The reply should hold only the lines from the one with "Vidal Energy &" through the end of the data, each given exactly.

[Stored data]
####

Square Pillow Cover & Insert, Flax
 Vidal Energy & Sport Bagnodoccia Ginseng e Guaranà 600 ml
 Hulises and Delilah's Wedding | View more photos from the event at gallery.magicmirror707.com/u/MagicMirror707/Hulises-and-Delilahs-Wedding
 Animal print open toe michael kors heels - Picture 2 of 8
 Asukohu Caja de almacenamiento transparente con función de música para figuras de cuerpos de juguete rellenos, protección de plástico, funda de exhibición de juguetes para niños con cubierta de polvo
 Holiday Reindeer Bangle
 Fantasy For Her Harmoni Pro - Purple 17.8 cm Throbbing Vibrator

####

▶ RESULT BELOW
 Vidal Energy & Sport Bagnodoccia Ginseng e Guaranà 600 ml
 Hulises and Delilah's Wedding | View more photos from the event at gallery.magicmirror707.com/u/MagicMirror707/Hulises-and-Delilahs-Wedding
 Animal print open toe michael kors heels - Picture 2 of 8
 Asukohu Caja de almacenamiento transparente con función de música para figuras de cuerpos de juguete rellenos, protección de plástico, funda de exhibición de juguetes para niños con cubierta de polvo
 Holiday Reindeer Bangle
 Fantasy For Her Harmoni Pro - Purple 17.8 cm Throbbing Vibrator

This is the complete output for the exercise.